Double-Well Potential
That’s fun, but the harmonic oscillator is a little boring. Let’s play with a more interesting potential (but not too interesting, mind you). We’ll do a half-square, double-well potential.
L = 10;
barR = barL = 10000;
v0 = L(*^-1.5*);
zp = 0;
pot =
Compile[{ {x, _Real} },
With[{L = L, v0 = v0, zp = zp, barR = barR, barL = barL},
Piecewise[{
{barL,
x < L (-3/2)},
{zp,
L (-3/2) <= x <= L (-1/2)},
{v0,
L (-1/2) < x < 0},
{v0*Power[1 - Exp[(x - L)*Power[x, -.5]], 2],
0 <= x}
}]
],
RuntimeOptions -> {
"EvaluateSymbolically" -> False
}
]
(*Out:*)
We’ll quickly confirm we have a nice double-well:
Plot[pot[x], {x, -(3/2 + 1/100) L, (3/2 + 1/100)*L }]
(*Out:*)
And then we’ll feed this into a new DVR object on a new range.
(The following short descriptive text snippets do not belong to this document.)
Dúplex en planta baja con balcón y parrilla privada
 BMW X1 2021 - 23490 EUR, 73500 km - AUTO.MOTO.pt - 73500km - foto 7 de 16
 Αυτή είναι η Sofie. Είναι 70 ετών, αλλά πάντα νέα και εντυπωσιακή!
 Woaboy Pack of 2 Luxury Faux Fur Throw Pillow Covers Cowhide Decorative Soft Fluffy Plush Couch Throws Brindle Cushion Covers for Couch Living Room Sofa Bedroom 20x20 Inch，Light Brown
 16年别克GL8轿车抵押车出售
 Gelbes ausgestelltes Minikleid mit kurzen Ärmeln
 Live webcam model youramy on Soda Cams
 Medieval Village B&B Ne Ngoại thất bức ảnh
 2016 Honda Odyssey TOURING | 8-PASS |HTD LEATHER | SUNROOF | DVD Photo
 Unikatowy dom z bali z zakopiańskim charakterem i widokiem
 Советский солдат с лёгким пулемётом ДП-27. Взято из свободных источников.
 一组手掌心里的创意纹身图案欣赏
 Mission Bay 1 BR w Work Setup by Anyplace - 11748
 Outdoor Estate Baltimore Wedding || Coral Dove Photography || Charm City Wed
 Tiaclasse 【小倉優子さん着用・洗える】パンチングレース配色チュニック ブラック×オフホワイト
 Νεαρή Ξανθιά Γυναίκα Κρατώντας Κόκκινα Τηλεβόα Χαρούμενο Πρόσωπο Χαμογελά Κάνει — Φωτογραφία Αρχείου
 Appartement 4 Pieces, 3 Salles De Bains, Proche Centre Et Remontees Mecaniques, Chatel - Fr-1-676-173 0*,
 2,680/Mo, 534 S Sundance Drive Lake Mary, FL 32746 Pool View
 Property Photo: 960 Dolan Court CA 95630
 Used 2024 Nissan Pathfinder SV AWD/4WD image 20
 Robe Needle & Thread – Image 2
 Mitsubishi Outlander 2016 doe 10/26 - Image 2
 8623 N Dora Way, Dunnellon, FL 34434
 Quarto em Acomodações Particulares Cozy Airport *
c1ddvr2 = c1ddvrclass[{151}, {2 L*{-1, 1}}];
c1ddvr2[
Function -> pot,
Manipulate -> False,
"WavefunctionSelection" -> 3,
PlotRange -> {-.1, .5}
]
(*Out:*)
We can see that it appears as if we have standard particle-in-a-box wavefunctions on the left (1 and 3) and Morse-oscillator functions on the right (2). We can then extract the "InterpolatingWavefunctions"
:
wfns = c1ddvr2[Function -> pot,
Return -> "InterpolatingWavefunctions"];
Then we can Animate
these:
ListAnimate[
MapIndexed[
Show[
Plot[Evaluate[#[[1]] + #[[2]][x]], {x, -2 L, 2 L},
PlotRange -> {-.1, 10 + #[[1]]},
PlotStyle -> ColorData[97][#2[[1]]]
],
Plot[pot[x], {x, -2 L, 2 L},
PlotStyle -> Directive[Dashed, Gray]]
] &,
Take[wfns, 25]
]
]
(*Out:*)
Other DVR Schemes
Many different types of DVRs are possible. I have constructed DVRs in up to 3 dimensions, although theoretically arbitrary dimensional DVRs are possible. Similarly I’ve constructed DVRs that work in angular coordinates, or which are appropriate for radial wavefunctions (which allowed me to build a DVR on a spherical grid). For now, though, we’ll leave it at this and come back to those some other day.